Sanayi burjuvazisi çıkarlarını tehdit altında gördüğünden, bu iktidara muhalefet
etmektedir. Halk “hırsızlara”, yani mali aristokrasiye tepkilidir.
1845-46
yıllarında patates hastalığı ve tarımsal toplam ürünün (rekoltenin) az oluşu,
halktaki hoşnutsuzluğu tırmandıran ve olgunlaştıran birinci iktisadi olaydır.
1847’deki kıtlıkta halk açlık, mali aristokrasi sefahat içerisindedir. Devrimin
oluşumunu hızlandıran, hoşnutsuzlukları ayaklanmaya kadar olgunlaştıran ikinci
iktisadi olay, 1847’de İngiltere’de yaşanan ticaret ve sanayi bunalımıdır. Bu
bunalım 1847 güzünde kıta Avrupa’sını etkiler ve Şubat-Mart 1848 devrimlerine
zemin hazırlar.
Kıtayı
etkileyen bunalımdan, Fransa sanayi burjuvazisi etkilenir. Sanayi burjuvazisi,
mali aristokrasinin kabinesini devirmek için seçim reformu talep eder. Bunalım
yüzünden sanayi burjuvazisi, dış pazarda iş yapamadığından, iç pazara yönelir.

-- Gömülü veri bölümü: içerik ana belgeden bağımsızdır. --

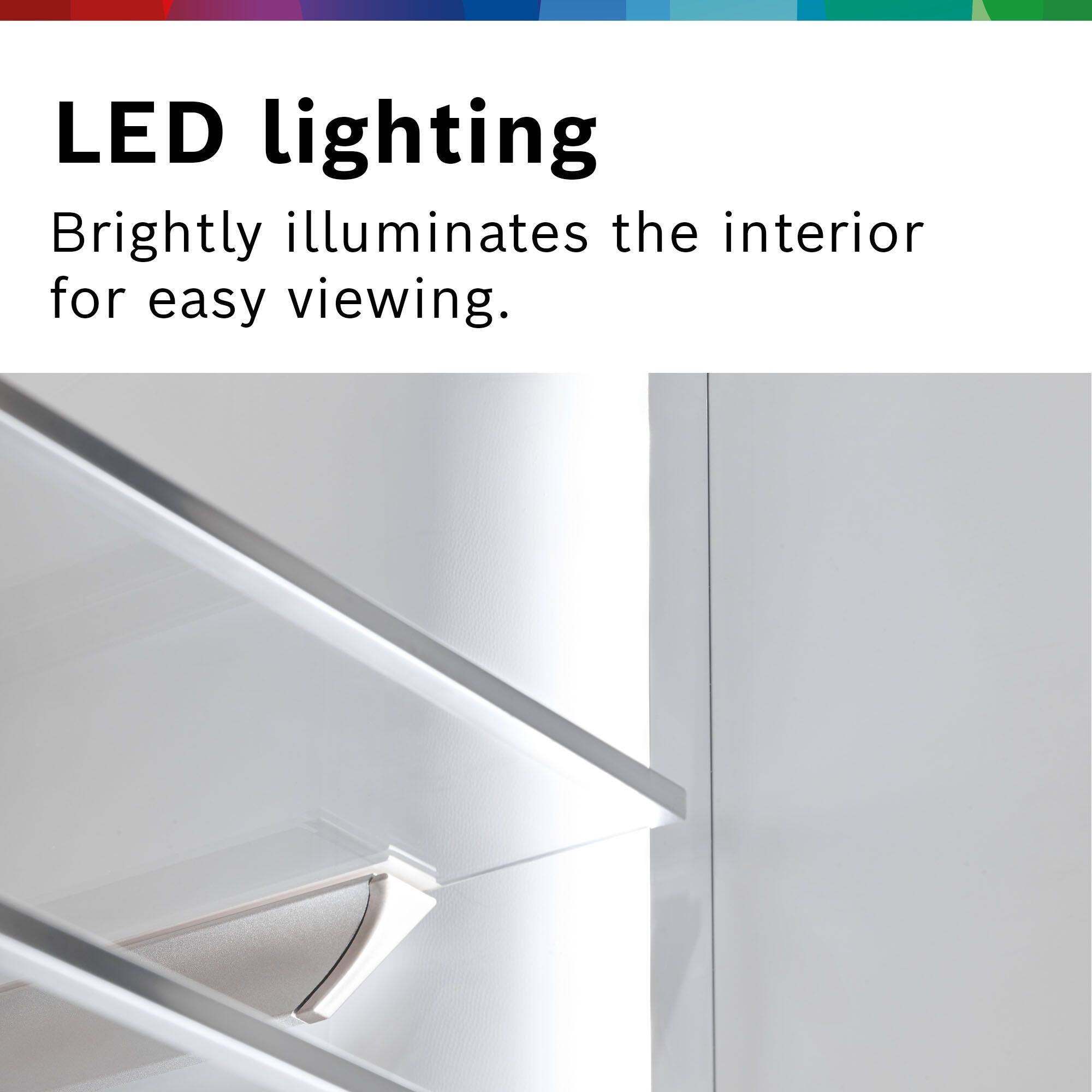 LED lighting brightly illuminates the interior for easy viewing.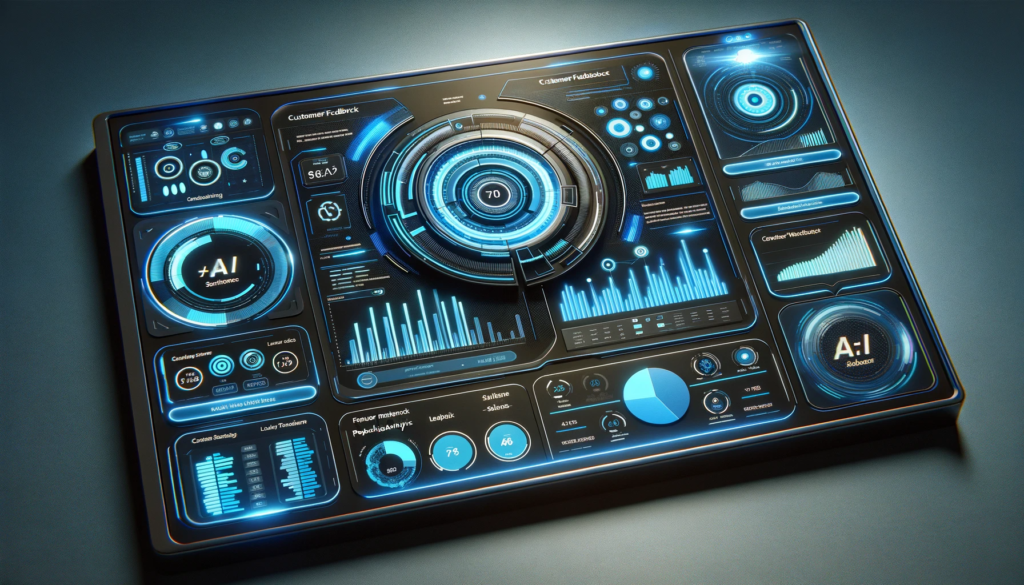 DALL&middot;E 2024 01 02 09.23.38 A futuristic AI powered CRM Customer Relationship Management dashboard display. The dashboard should feature a sleek modern interface with interac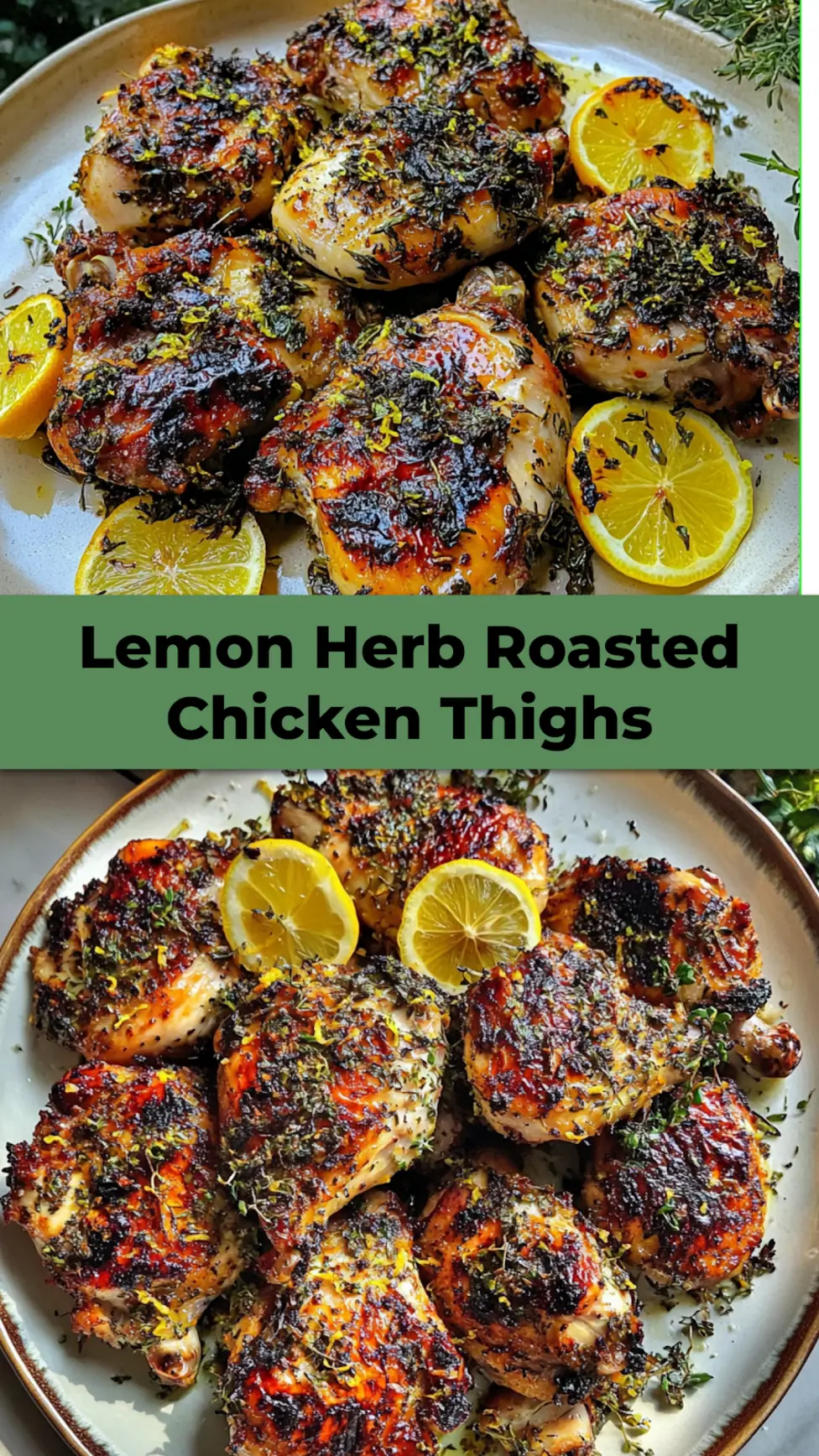 Lemon Herb Roasted Chicken Thighs Spring Perfect Easy Meal 4 LEMON HERB ROASTED CHICKEN THIGHS recipe, served and ready to eat, easy homemade dinner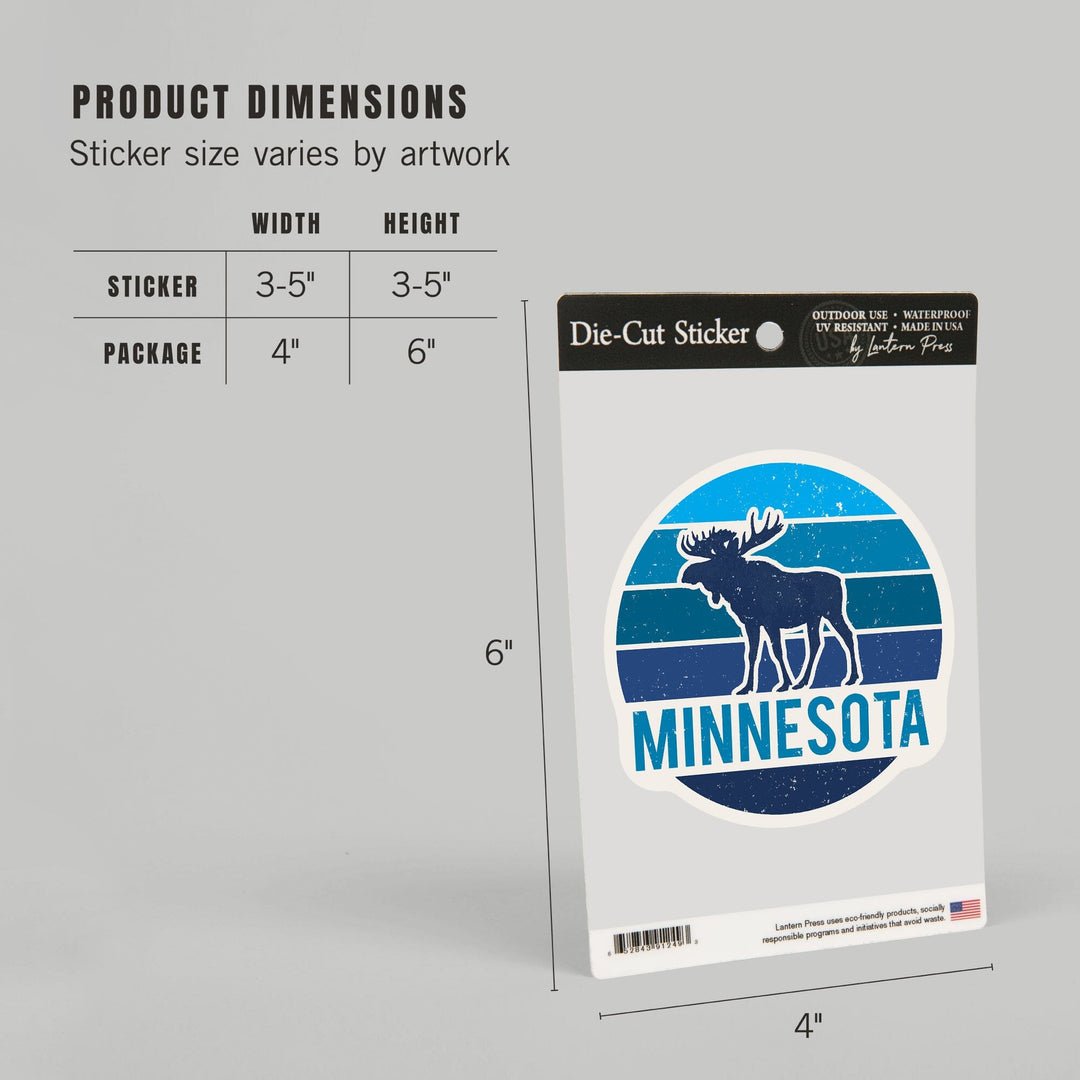 Minnesota, Moose, Contour, Vinyl Sticker Sticker Lantern Press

Bu da bakkal ve dükkânların kitlesel iflaslarına yol açar. Küçük burjuvazinin,
Şubat 1848 devrimine katılmasının sebebi budur.
Şubat’ta
ayaklanma başladığında başbakan Guizot’dur. Louis-Philippe korkuyla 23 Şubat’ta
Guizot kabinesine son verip, yerine 24 Şubat’ta Odilon Barrot kabinesini kurar.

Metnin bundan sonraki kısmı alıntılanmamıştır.